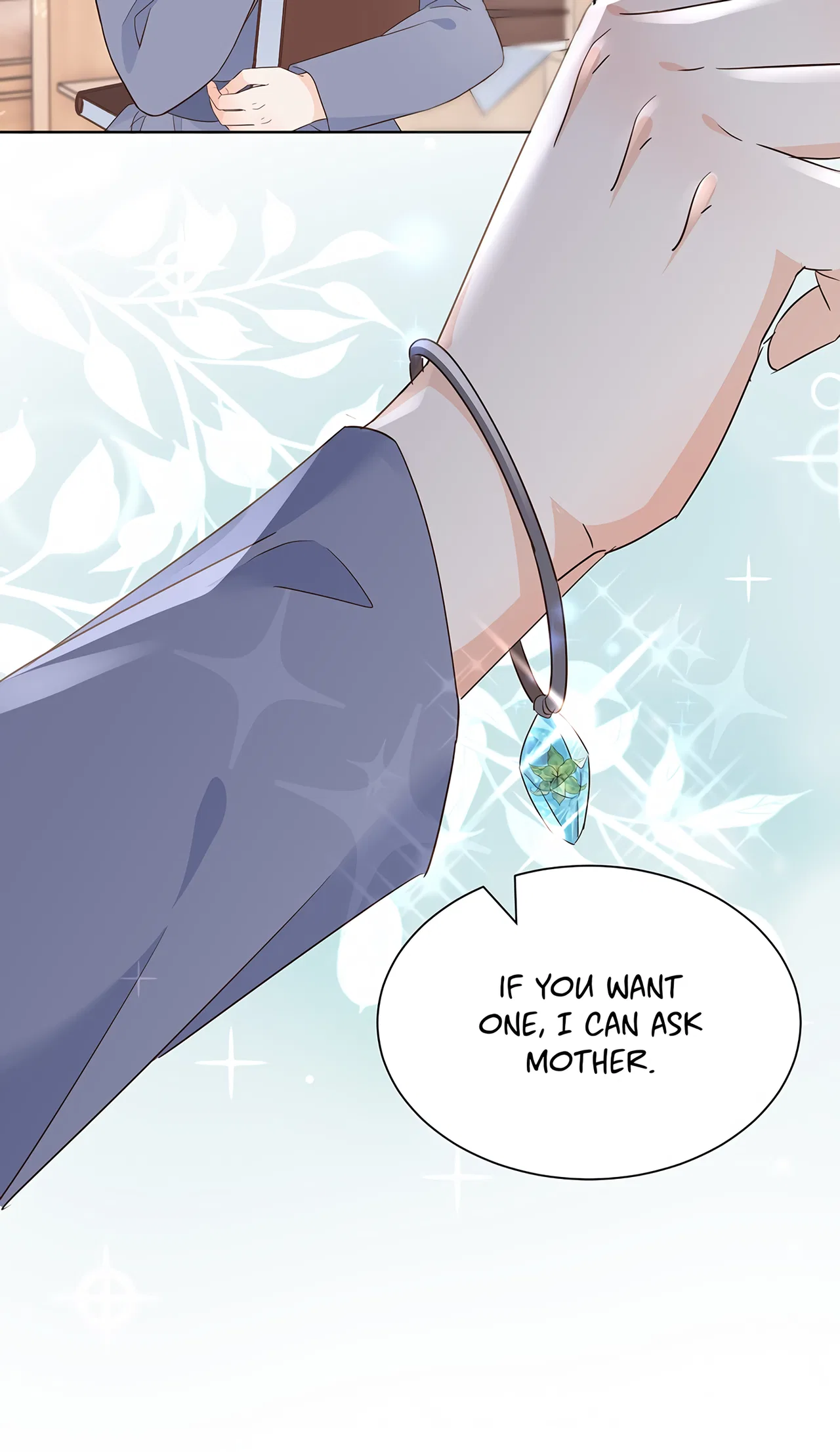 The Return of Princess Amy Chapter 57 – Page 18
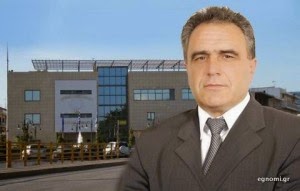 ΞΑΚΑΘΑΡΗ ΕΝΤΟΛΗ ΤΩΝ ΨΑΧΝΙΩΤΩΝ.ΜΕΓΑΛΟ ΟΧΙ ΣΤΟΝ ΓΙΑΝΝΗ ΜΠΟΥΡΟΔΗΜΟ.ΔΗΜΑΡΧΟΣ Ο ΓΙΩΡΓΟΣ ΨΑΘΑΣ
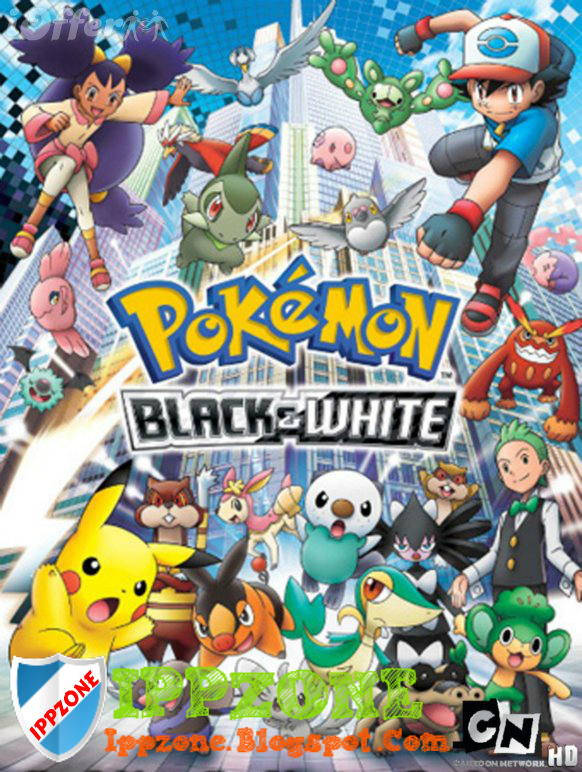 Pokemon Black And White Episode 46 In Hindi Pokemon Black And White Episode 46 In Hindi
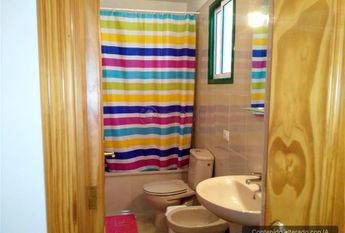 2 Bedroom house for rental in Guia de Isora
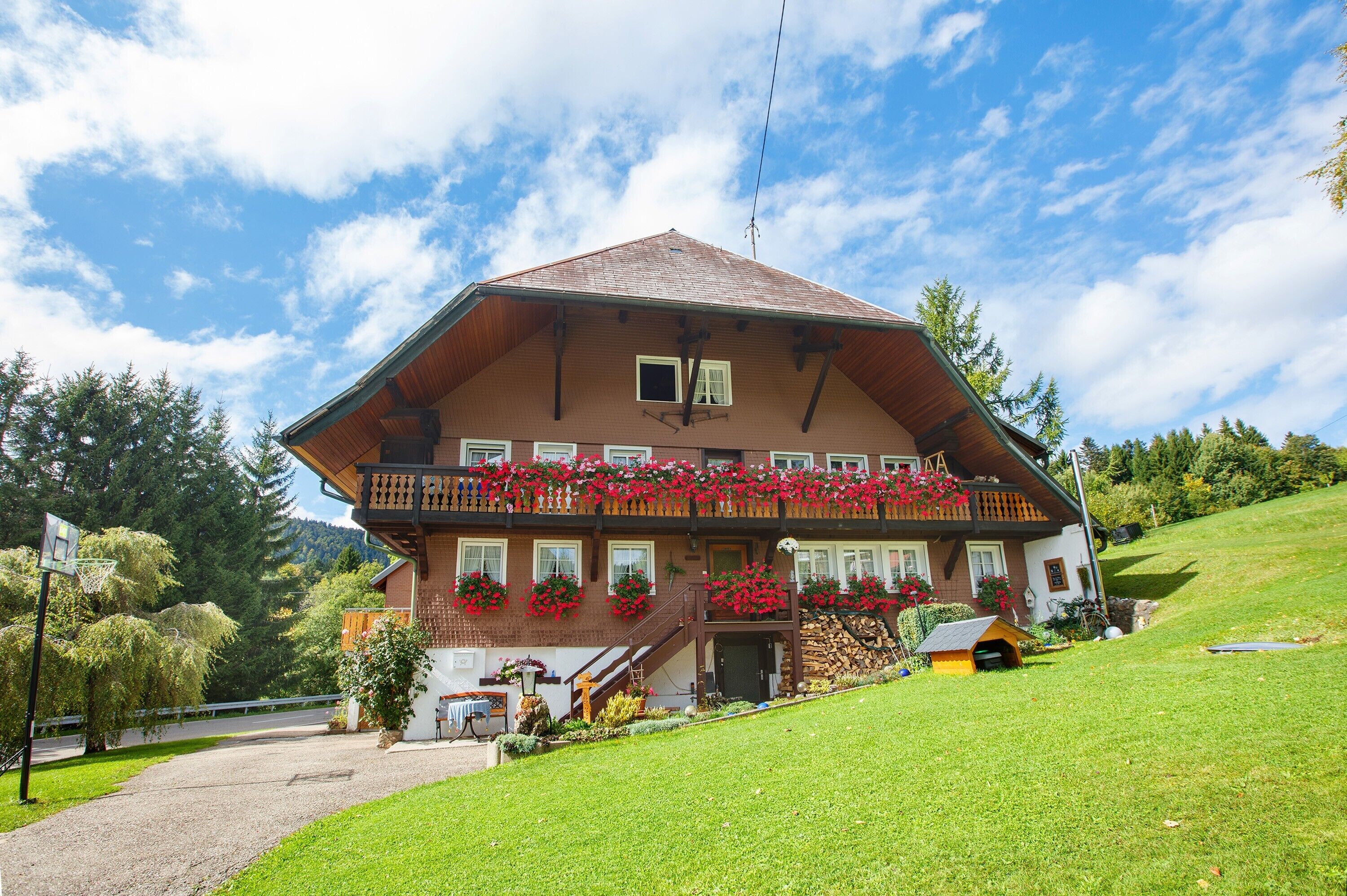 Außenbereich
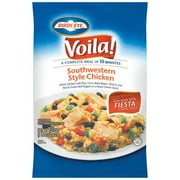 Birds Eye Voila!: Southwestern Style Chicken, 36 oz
--
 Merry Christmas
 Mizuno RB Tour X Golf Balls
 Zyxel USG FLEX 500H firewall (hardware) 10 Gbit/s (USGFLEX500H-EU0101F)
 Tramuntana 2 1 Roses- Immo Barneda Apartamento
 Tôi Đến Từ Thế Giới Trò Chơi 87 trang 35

TASK BRIEF:
Beginning at the line above that contains "The Return of", repeat each line exactly through the one that contains "Birds Eye Voila!: Southwestern", and leave out the pictures.

TASK ANSWER:
 The Return of Princess Amy Chapter 57 – Page 18
 ΞΑΚΑΘΑΡΗ ΕΝΤΟΛΗ ΤΩΝ ΨΑΧΝΙΩΤΩΝ.ΜΕΓΑΛΟ ΟΧΙ ΣΤΟΝ ΓΙΑΝΝΗ ΜΠΟΥΡΟΔΗΜΟ.ΔΗΜΑΡΧΟΣ Ο ΓΙΩΡΓΟΣ ΨΑΘΑΣ
 Pokemon Black And White Episode 46 In Hindi Pokemon Black And White Episode 46 In Hindi
 2 Bedroom house for rental in Guia de Isora
 Außenbereich
 Birds Eye Voila!: Southwestern Style Chicken, 36 oz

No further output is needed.